Przysłali maila z opisem "tego pierwszego razu". Tekst ( za który bardzo dziekuję) jest tak pełen wydarzeń i cennych doświadczeń, że pozwalam go sobie zacytować prawie w całości.

"Zasada nr 1: zawsze przygotuj plan awaryjny. Dziś ładnie wiało. Chwilami pełne 3B. Może nawet trochę za mocno,jak na pierwsze samodzielne pływanie. Możemy odejść od kei na żaglach ale, że mocno wieje decydujemy się na silnik. Żagle postawimy na jeziorze ustawiając jacht pod wiatr - nauka wszak nie poszła w las. Plan awaryjny: odejście na żaglach - normalka jak nie silnik, to żagiel. Silnik jakby wiedział, że "zielony klonowy listek" na pokładzie i natychmiast sprawdził naszą czujność o czym rzecz poniżej.
Zasada nr 2: przygotuj się do planu awaryjnego. Silnik zgasł zanim jacht znalazł się w bezpiecznej odległości od przeszkód nie dając czasu na postawienie żagli. Zgasł zanim jacht nabrał prędkości manewrowej i w takiej odległości od kei, że powrót był już niemożliwy. Dryfujemy ... Niestety w kierunku sąsiedniego pomostu. Szot foka wybierz! Fał grota wybierz! Nic z tego. Na jachcie pełen klar portowy i solidna buchta na każdym luźnym frędzelku. Nawet icki solidnie owinięte wokół want. Rozwiany włos, obłęd w oczach, instruktor nie pomoże, więc ratuj się kto może. Zdołaliśmy rozwiązać supełki. Lewy foka szot wybrany. Wiatr w żaglu. Ster zaczyna działać. Grot postawiony. Płyniemy. Zawodowcy!
Zasada nr 3: uruchom plan awaryjny zanim będzie potrzebny. Kończymy pływanie. Do kei pod wiatr, nie ma więc mowy o nerwach.
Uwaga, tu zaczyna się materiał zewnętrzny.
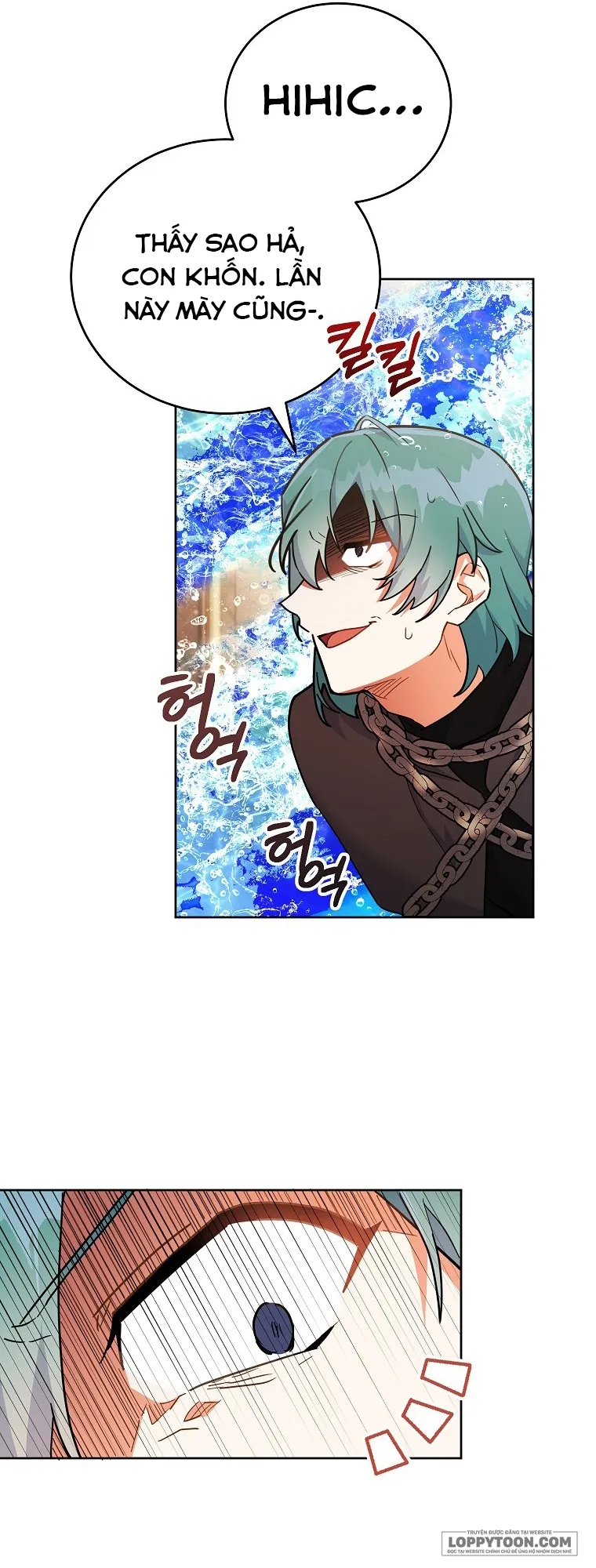 Bé Con Chốn Hoa Nở Chap 21 - trang 30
Podpłyniemy na żaglach w stosownym momencie - roluj foka, luz na grocie. Plan awaryjny: podpórka na silniku - normalka, jak nie żagiel, to silnik. Piękne podejście do pomostu... Tylko zabrakło z pół metra... Zero prędkości, zero sterowności. Ratunek to silnik! Silnik nie zaskoczył. Mści się złudna wygoda z rozrusznikiem. Przekręcamy kluczyk i... cisza. Dryfowanie już dzisiaj zaliczyliśmy! Nerwowa szamotanina z fałami foka i talią grota. Czy płynie z nami bosak?! Ponownie daliśmy radę. Wolne miejsce przy sąsiedniej kei stało się jedynym, zesłanym w ostatniej chwili przez Największego Żeglarza, planem awaryjnym. Żeglarze cali i zdrowi, jacht w przystani, w całości. Dość atrakcji, jak na pierwszy raz. Szykujemy się na kolejne pływanie bogatsi o samodzielnie zdobyte doświadczenie.
Pozdrawiają adepci sztuki ciągłego kombinowania Wojtek i Rafał".





05 maja 2012


Po uczciwie przepracowanej (zajęcia teoretyczne) jesieni i zimie w sobotę wznowilismy zajęcia na wodzie. Pogoda dopisała. Wiało 2 B z SW, było ciepło i słonecznie. Sprawdzilismy nowy maszt na "Poziomce".Wszystko działa, jak powinno.





13 września 2011


Rejs GTS do Ślesina

Gimnazjum Towarzystwa Salezjańskiego w Koninie już kilka lat współpracuje z naszą szkołą żeglarstwa. Jesienią i zimą w szkole odbywają się zajęcia teoretyczne dla uczniów zainteresowanych żeglarstwem. Wiosną i latem uczniowie GTS biorą udział w zajęciach praktycznych na wodzie. Po ukończeniu szkolenia młodzi adepci potrafią nie tylko żeglować na dużych jachtach kabinowych. Radzą sobie z wiosłowaniem, sprawnie manewrują na silniku, wiążą węzły, a co najważniejsze wiele godzin spędzają na świeżym powietrzu w otoczeniu wspaniałych krajobrazów konińskich jezior. Niebagatelną zaletą nauki żeglarstwa jest umiejętność współpracy w grupie, a także umiejętność radzenia sobie w nietypowych, a bywa, że i trudnych sytuacjach. Dzięki współpracy z rodzicami uczniów-żeglarzy udało się wspólnymi siłami wyremontować jeden z jachtów KŻ KWB „Konin”. Jacht „Poziomka” od ubiegłego sezonu dumnie nosi żagiel z nazwą szkoły.
Kilka lat temu grupa uczniów GTS odbyła parodniowy rejs do Kruszwicy nad jeziorem Gopło. W ubiegła sobotę prawie 50-osobowa grupa uczniów i nauczycieli gimnazjum uczestniczyła w rekreacyjnym rejsie do Ślesina. Trzy spośród uczestniczących w wyprawie dziesięciu jachtów prowadzili sternicy - absolwenci GTS w Koninie. Kolejny jacht prowadzili uczniowie szkoły biorący udział w zajęciach szkoły żeglarstwa. Dyrektor gimnazjum ks. Krzysztof Nestoruk nie krył satysfakcji z tego, że uprawianie żeglarstwa przez uczniów jego szkoły staje się tradycją.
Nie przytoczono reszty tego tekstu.